But the defining feature of German fitness is the contract. The Fitnessstudio-Vertrag is a genre of literature: minimum terms of twelve or twenty-four months, automatic renewals, notice periods enforced with the enthusiasm most nations reserve for border control. Reforms have improved things β newer contracts renew month-to-month after the initial term β but the cancellation process remains a rite of passage. Every expat in Germany has a gym cancellation story, and every story involves the phrase "in writing."
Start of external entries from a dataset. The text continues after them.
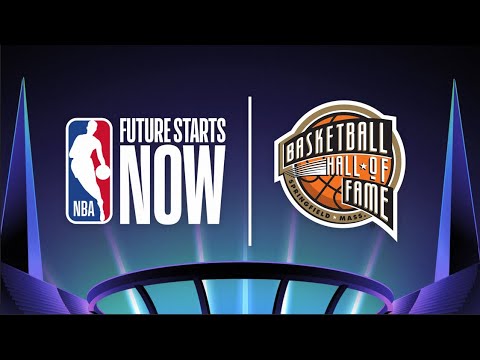 NBA Future Starts Now x HoopHall Classic | Oak Hill Academy vs. Montverde Academy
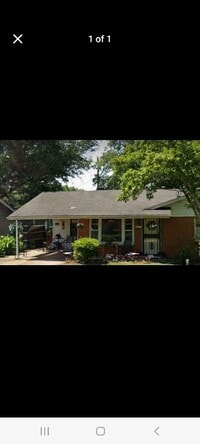 Building Photo - 3319 Dayton Ave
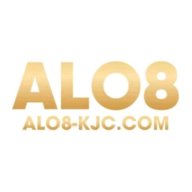 alo8kjccomm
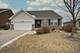 1416 Riverhaven, Joliet, IL 60431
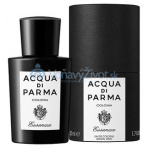 Acqua Di Parma Colonia Essenza M EDC 50ml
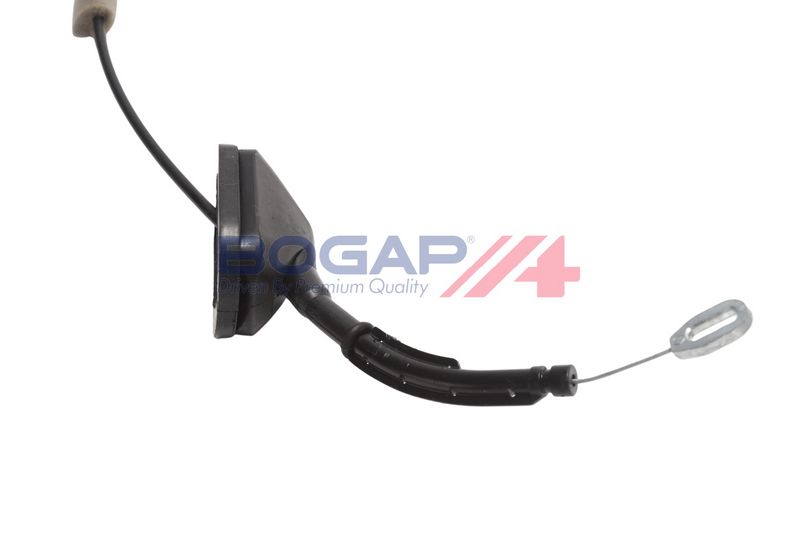 This part match OEM code: 95527349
What outsiders miss is that gyms are the minority pursuit. The real engine of German fitness is the Verein β the sports club. Roughly a third of the country belongs to one. For a modest annual fee, you get football, handball, gymnastics, hiking, table tennis, and a social structure that will absorb you completely, including a mandatory annual general meeting and, eventually, a committee role you never asked for. It is fitness as civic membership, and it works: it is social, cheap, and multigenerational. Germans do not go to the gym to make friends. They go to the Verein for that, where friendship is scheduled, structured, and renewed annually.
Thailand's genius is that it never separated exercise from ordinary life and then had to charge admission to reunite them. Fitness in Thailand is ambient. It is in the parks, where the state provides free aerobics instructors and the evening classes draw crowds that would make a European gym chain weep. It is in the outdoor gyms β rusting, sun-bleached, beloved β where elderly men bench-press in flip-flops at dawn because dawn and dusk are the only sane hours. It is in the temples of Muay Thai, which is not a fitness trend but a national institution with the depth of centuries behind it.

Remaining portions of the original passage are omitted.